Ao ouvir eu tudo isto, lancei um grito e perguntei com muito afinco a
quem me falava, se estava brincando ou se estava falando sério. Mas
ele:
- Longe de mim - disse - Não queira Deus que eu brinque jamais
com estas coisas, nem que diga nem finja em minha imaginação o que,
mesmo agora que aconteceram, eu teria pago alto preço e mil vezes
teria querido não me haver inteirado delas.
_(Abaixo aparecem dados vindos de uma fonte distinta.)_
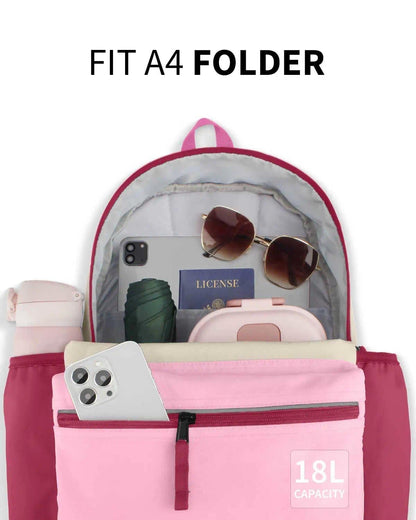 Kids' Toddler Backpack for School, Ages 3-5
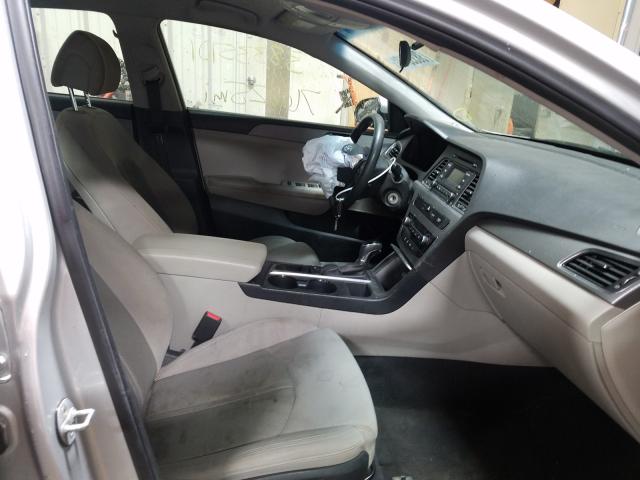 2017 HYUNDAI SONATA SE 5NPE24AF4HH540086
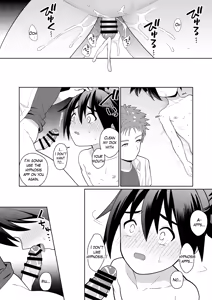 Page 35 of Shinyou datte Omotteta no ni - We were best friends, but... - preview thumbnail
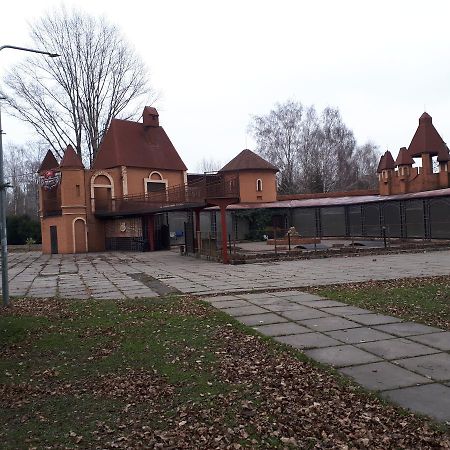 Апартаменты Гагарина Krivoy Rog Ngoại thất bức ảnh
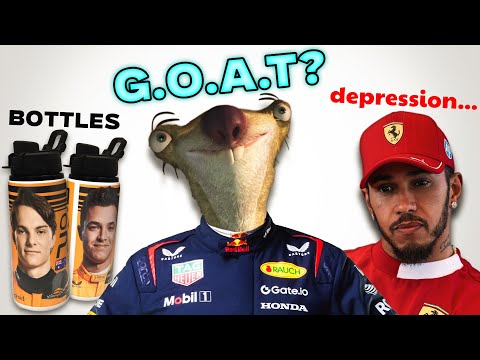 An Idiots Guide to F1 2025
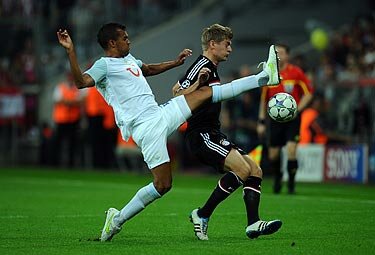 FC Bayern - FC Zürich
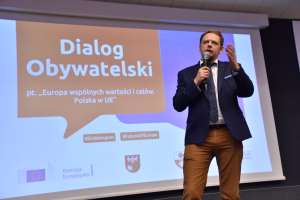 Dialog obywatelski w Elblągu 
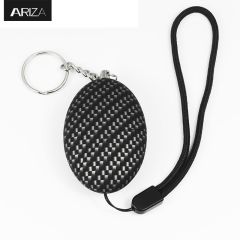 Women self defense personal alarm keychain students safety protection alarm and elderly panic button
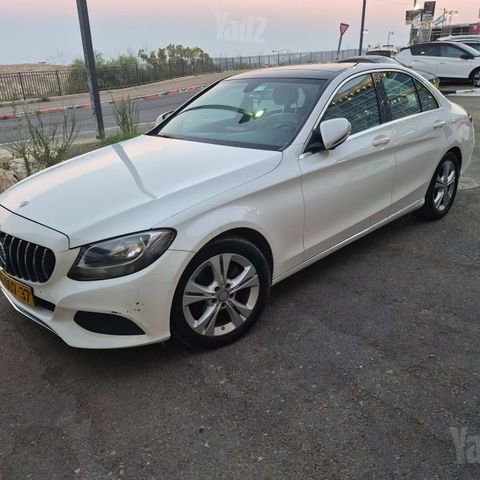 מרצדס-בנץ C-class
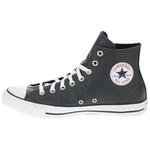 Кроссовки для скейтбординга CHUCK TAYLOR, унисекс, средний верх, черный Converse - фото 2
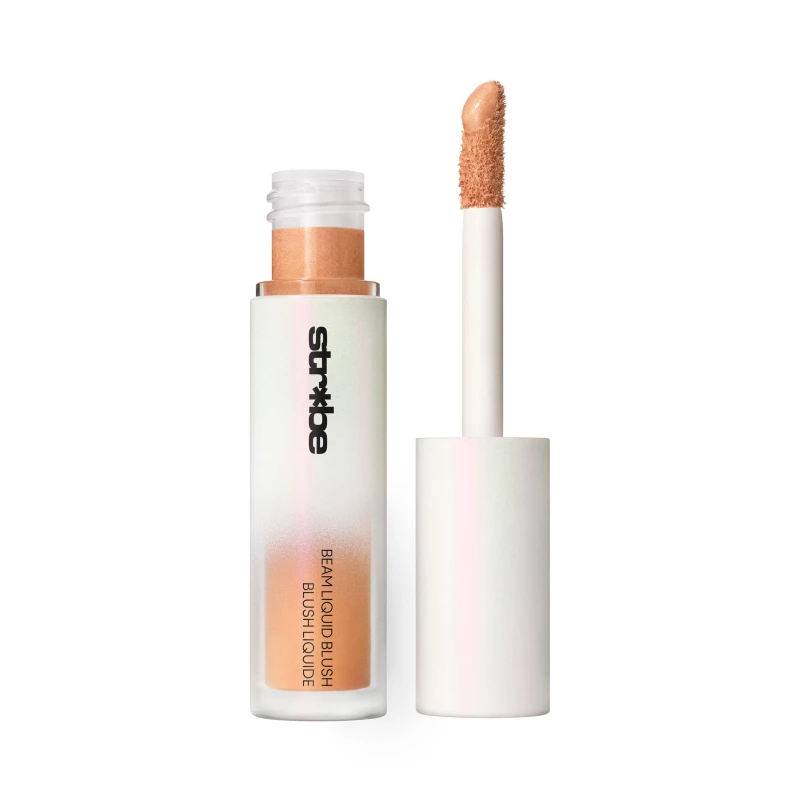 Image of MAC Cosmetics Strobe Beam Liquid Blush 4.3ml Starlite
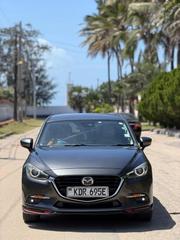 Mazda Axela 2017 Gray for sale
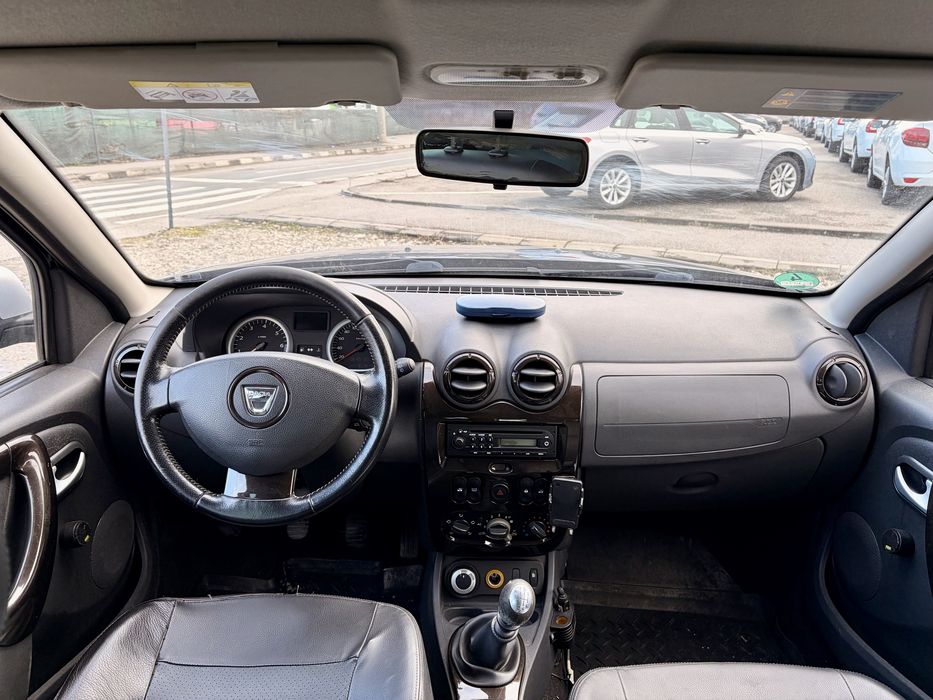 Dacia Duster 1.6i 4x4 Euro 5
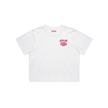 Act Like A Lady - Crop Tee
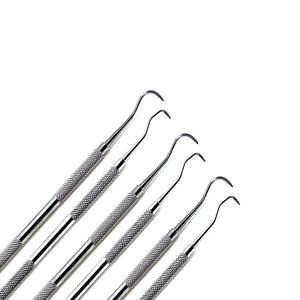 Kit de Ortodoncia Manual Profesional de Metal, Instrumentos Dentales Completos de Alta Calidad con Certificación CE para Ortodoncistas - Product Image 4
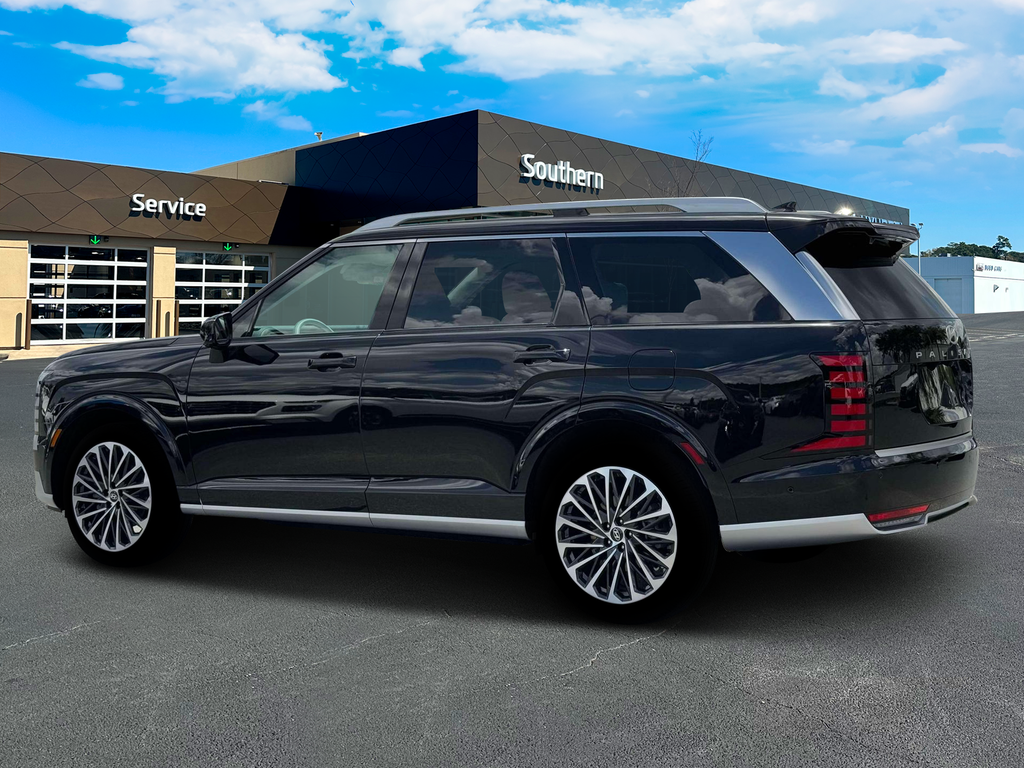 new 2026 Hyundai Palisade car, priced at $55,418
Suspirando eu então mais amargamente:
- Na verdade - disse-lhe - este crime é tão mais sacrílego que o
de Mitrídates e sua gente, quanto o templo das almas é mais augusto
e santo que o de pedras. Mas quem são, dize-me, e de onde procedem
os que tais desaforos cometem? Que causa ou motivo têm, a que alvo
miram os que assim lançam pedras ao alto e disparam contra o céu suas
setas e declaram guerra contra o Deus da paz? Porque um Sameas e
aqueles Fariseus e aquelas outras pessoas, eram bárbaros, como se
pode ver pelos seus próprios nomes, e inteiramente alheios à maneira
de viver judaica, e não queriam ver engrandecer-se homens vizinhos
seus, pois naturalmente pensavam que a potência destes havia de deixar
no porvir uma sombra sobre seu próprio poder. Mas aos perseguidores
atuais, que liberdade lhes foi diminuída , que segurança lhes foi
tirada, que colaboração encontram da parte dos que mandam, para
lançarem-se a tais atropelos? Porque afinal aqueles tinham a seu
favor os reis da Pérsia que pretendiam o mesmo que eles; nossos
imperadores, porém, penso eu, desejam e fazem votos exatamente pelo
contrário. Daí que me encontrei tomado da maior perplexidade, de
ver como, sob imperadores que vivem piedosamente, se possam cometer no
meio das cidades, atropelos como os que tu me contas.
- Pois ainda não sabes - me disse o outro - o mais admirável, e
é que os que fazem tais coisas querem se passar por piedosos e
chamam-se a si mesmos de cristãos, e muitos deles se contam entre os
já iniciados pelo batismo. E já houve algum deles, em quem o diabo
soprou com força extraordinária, que se atreveu a dizer com aquela
língua abominável que estava disposto a apostatar da fé e sacrificar
aos demônios, pois o sufocava que homens livres e de nobre
nascimento, que poderiam viver entre delícias, fossem conduzidos a
este duro gênero de vida.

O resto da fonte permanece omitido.